Até as piadas permaneciam com a mesma sonoridade
nostálgica.
– Tá vendo? Disso eu não sabia – encorajei-a. Ou insisti. –
Vai lá pra contar qualquer coisa, Antonella. Pontal dos Guarás vai adorar que
tu fiques mais alguns dias.
– Só Pontal?
– Eu te garanto que não.
Ela sorriu com a resposta, mas frustrou qualquer tentativa
de minha parte depois disso, porque foi a única reação visível por minutos
inteiros. Ainda permanecia em silêncio quando os meninos voltaram, jogando de
um lado ao outro uma bola surrada de vôlei que nunca mantinha-se no ar – estava
sempre caindo e rolando pela areia molhada de maré seca.
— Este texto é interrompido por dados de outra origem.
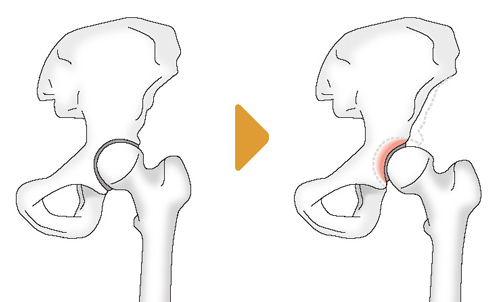 正常な股関節と寛骨臼形成不全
Assim que sentiram o faro, as reações da espécie masculina foram
instantâneas: um deles aventurou-se a chegar mais perto, deu uma checadinha básica no produto, mas acho
que imediatamente afastou-se quando Tomtom forçou a voz rouca e mandou um “e aí, brother?”. O abutre de verão
agarrou-se na bola e voltou aos braços dos outros meninos, que o receberam com
vaias e tapões na nuca.
Ela também riu, mas se você olhasse atentamente para
Antonella naquele ângulo amarelado de pôr do sol com a lua desde manhã cedo
pendurada no céu, veria que, minimamente (se você realmente olhasse bem), os
dentes mordiam o lábio inferior, tão fino quanto um rastro de dedo indicador deixado
sobre a pele.
E se você conhecesse Tomtom minimamente como eu bem
conhecia, saberia o porquê estiquei os braços pra trás e deixei o corpo
descansar, tranquila e confortável; saberia o porquê de nenhuma de nós não
pronunciar coisa alguma enquanto o Sol mergulhava atrás de nós; saberia que
pedidos agora já estavam respondidos e que minúsculas respostas foram dadas.
Logo o céu escureceu e algumas poucas estrelas começaram a
piscar no céu azul-rosado das seis e meia da tarde. Antonella levantou-se junto
comigo e caminhou ao meu lado quando todos subimos a rua.
Tudo o que me perguntou foi:
– Vai ficar tudo bem pros
seus tios?
– Vai, sim – respondi.
E Pontal dos Guarás agradeceu pelas visitas que ficavam.